This nanotech-based catalyst would put electric cars — among other ideas and products — on a much faster track.
From the link:
In the quest for efficient, cost-effective and commercially viable fuel cells, scientists at Cornell University’s Energy Materials Center have discovered a catalyst and catalyst-support combination that could make fuel cells more stable, conk-out free, inexpensive and more resistant to carbon monoxide poisoning.
The research, “Highly Stable and CO-Tolerant Pt/Ti0.7W0.3O2 Electrocatalyst for Proton-Exchange Membrane Fuel Cells,” (Journal of the American Chemical Society, July 12, 2010) led by Hector D. Abruna, Cornell professor of Chemistry and Chemical Biology and director of the Energy Materials Center at Cornell (emc2); Francis J. DiSalvo, Cornell professor Chemistry and Chemical Biology; Deli Wang, post doctoral researcher; Chinmayee V. Subban, graduate student; Hongsen Wang, research associate; and Eric Rus, graduate student.
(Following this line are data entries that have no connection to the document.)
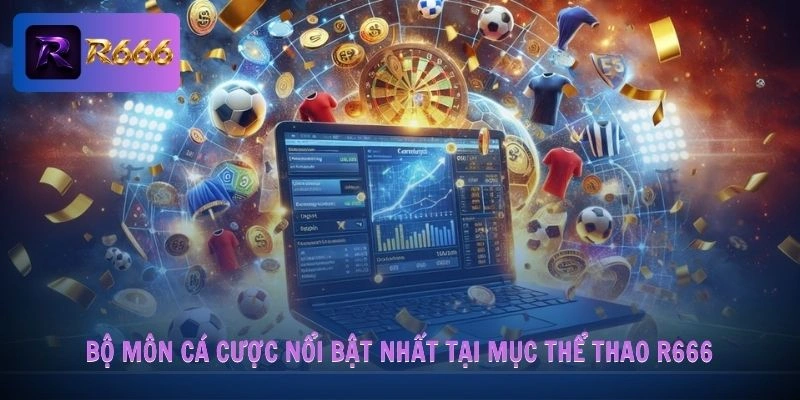 Thể Thao R666 2 Bộ môn cá cược nổi bật nhất tại mục thể thao R666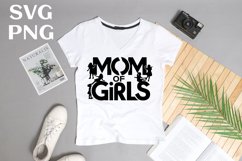 Mom of girls quote Svg Png Product Image 2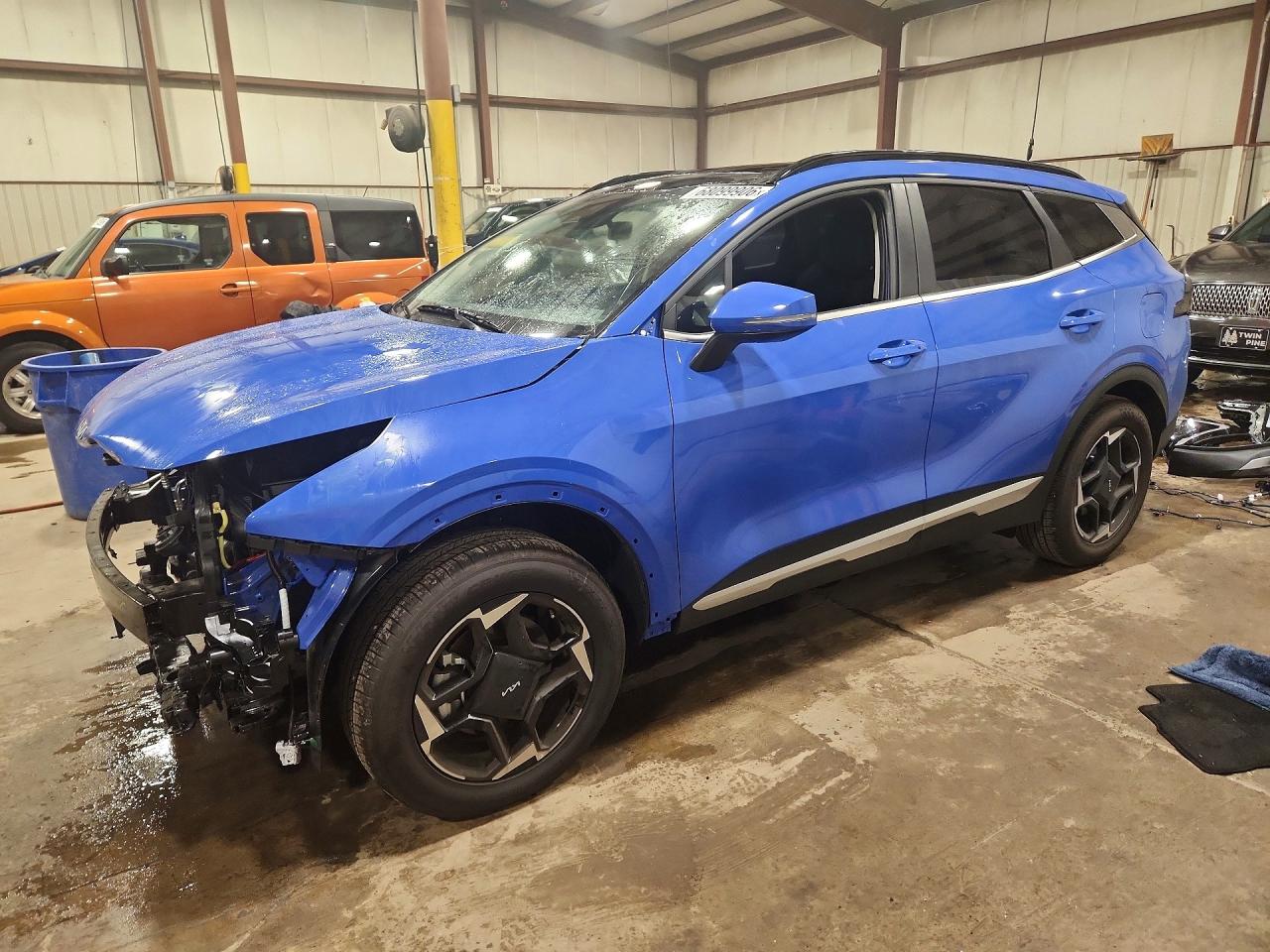 2026 KIA SPORTAGE
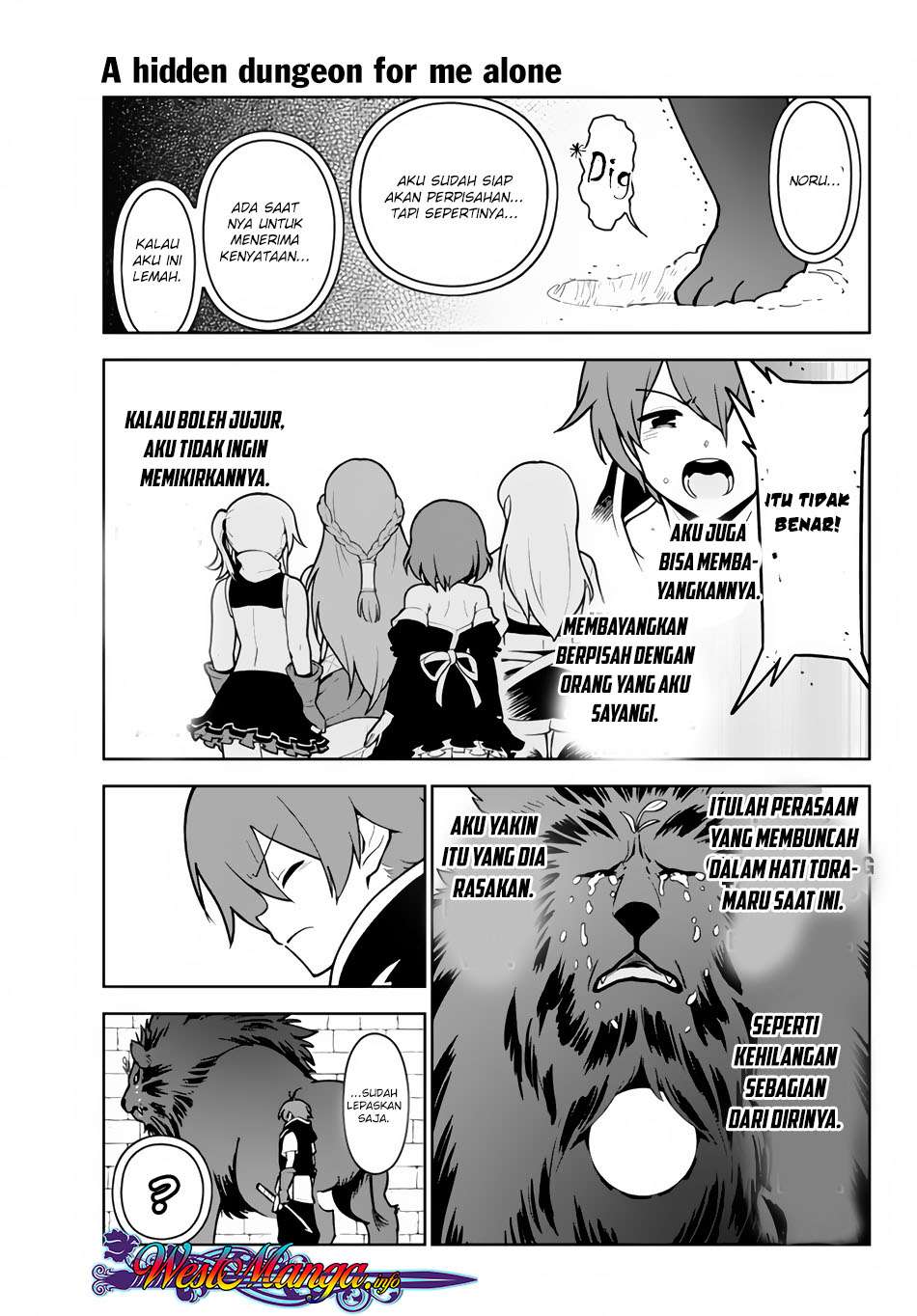 Ore dake Haireru Kakushi Dungeon Chapter 16 - halaman 22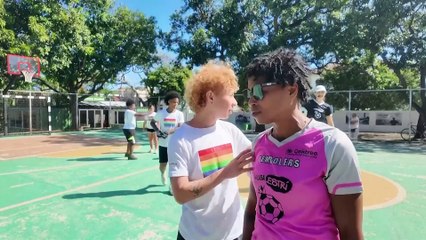 Hombres transgénero cubanos salen a la cancha para visibilizar su identidad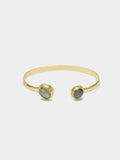Pulsera Abierta Con Piedras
Hydrogen fuel cells offer an appealing alternative to gasoline-burning cars: They have the potential to power vehicles for long distances using hydrogen as fuel, mitigate carbon dioxide production and emit only water vapor.
However, fuel cells generally require very pure hydrogen to work. That means that conventional fuels must be stripped of carbon monoxide – a process that is too expensive to make fuel cells commercially viable.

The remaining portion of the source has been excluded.